Hi @Phani1, To efficiently copy around 3 TB of Parquet data from HDFS to Databricks Delta format and create external tables, you can follow these best practices:
-
Use the COPY INTO SQL Command:
-
The COPY INTO
SQL command allows you to load data from a file location into a Delta table. It offers several capabilities:
- Easily configurable file or directory filters from cloud storage (S3, ADLS Gen2, ABFS, GCS, and Unity Catalog volumes).
- Support for multiple source file formats: CSV, JSON, XML, Avro, ORC, Parquet, text, and binary files.
- Exactly-once (idempotent) file processing by default.

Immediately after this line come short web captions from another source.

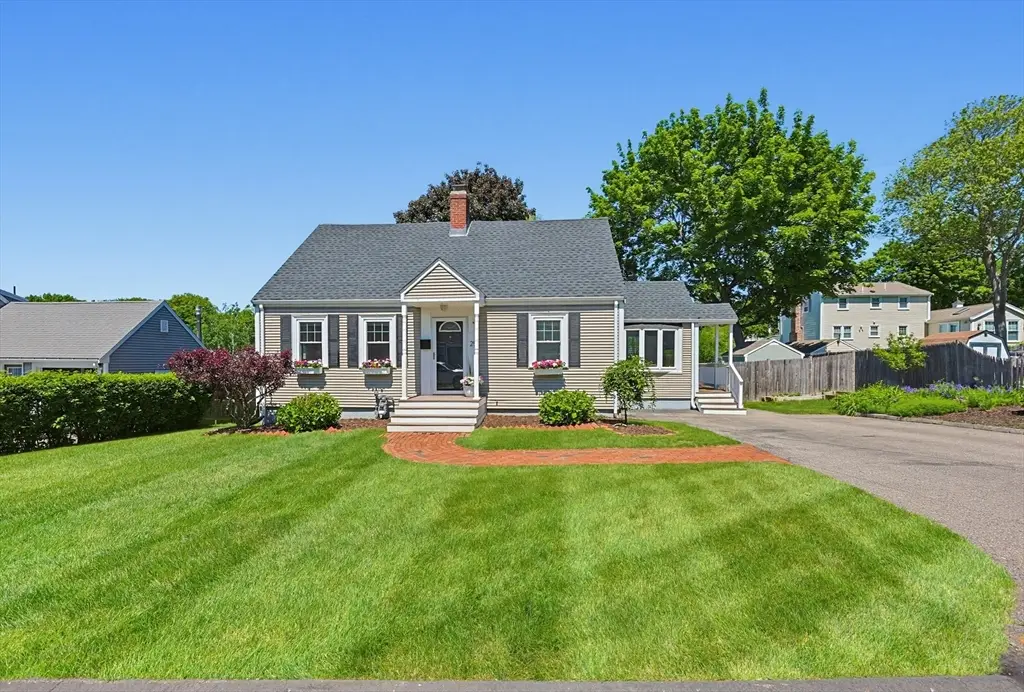 25 First Street, Norwood, MA 02062 - #1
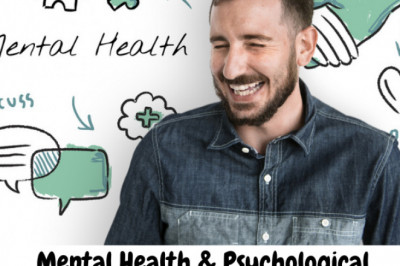 Get Psychological Counselling & Mental Health Service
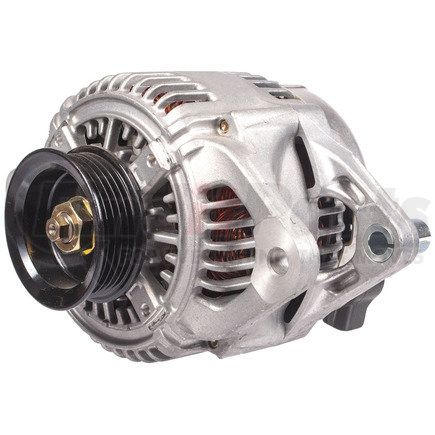 210-0133 by DENSO - Remanufactured DENSO First Time Fit Alternator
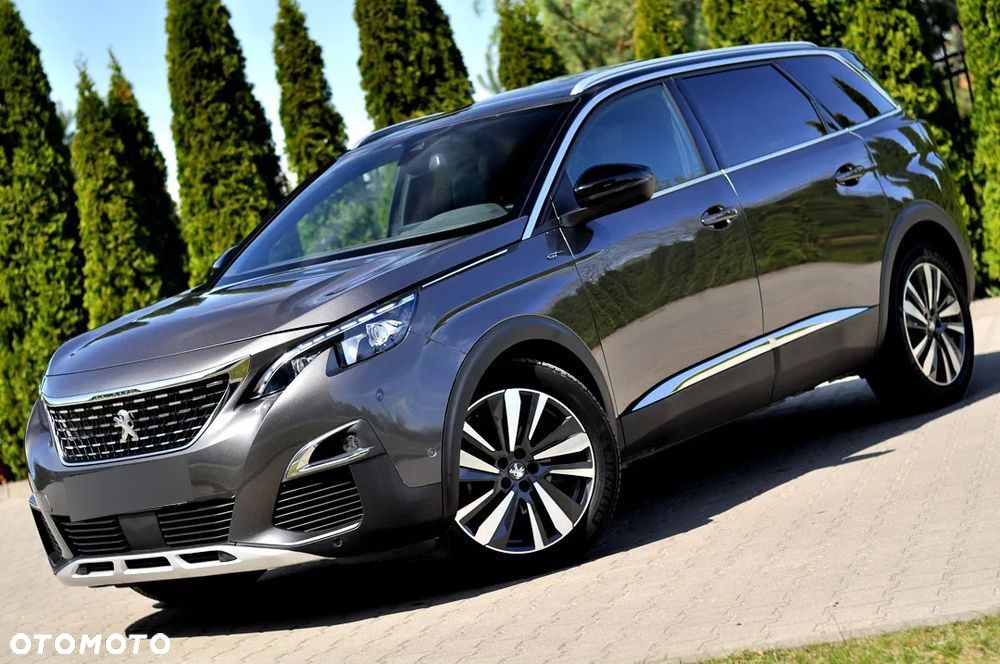 Peugeot 5008 2.0 BlueHDI GT S&S EAT8 - 1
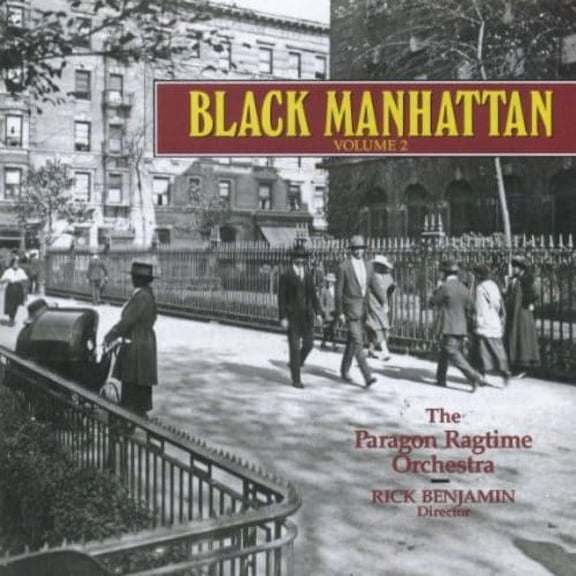 Black Manhattan 2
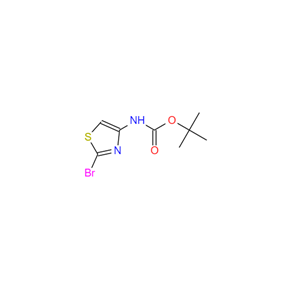 1245647-95-3 (2-溴噻唑-4-基)氨基甲酸叔丁酯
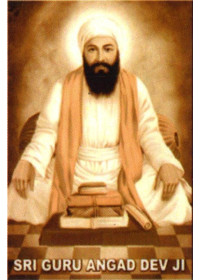 Sikh Gurus - SG100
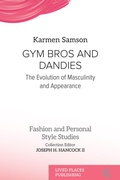 Cover: Gym Bros and Dandies - Lived Places Publishing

- Target table schema inference, mapping, merging, and evolution.
-
Example of loading data into a schemaless Delta Lake table:
CREATE TABLE IF NOT EXISTS my_table
[COMMENT <table-description>]
[TBLPROPERTIES (<table-properties>)];
COPY INTO my_table FROM '/path/to/files'
FILEFORMAT = <format>
FORMAT_OPTIONS ('mergeSchema' = 'true')
COPY_OPTIONS ('mergeSchema' = 'true');
Note that the empty Delta table created above is not usable outside of COPY INTO
. After data ingestion, the table becomes queryable1.
-
Consider Streaming Tables:
- For a more scalable and robust file ingestion experience, consider leveraging streaming tables in Databricks SQL. Streaming tables provide continuous data ingestion and are well-suited for large-scale data loads.
-
Set Up Data Access Configuration:
- An account admin should configure data access for ingestion to allow users to load data using
COPY INTO
.
-
Schema Evolution:
- If your Parquet data evolves over time (e.g., new columns are added), set
mergeSchema
to true
to handle schema changes during ingestion.
-
Checkpoint Location:
- Specify a checkpoint location for the streaming job to ensure fault tolerance and recovery in case of failures.
-
Monitor and Optimize:
- Monitor the ingestion process, track performance metrics, and optimize resource allocation (e.g., cluster size, parallelism) based on your workload.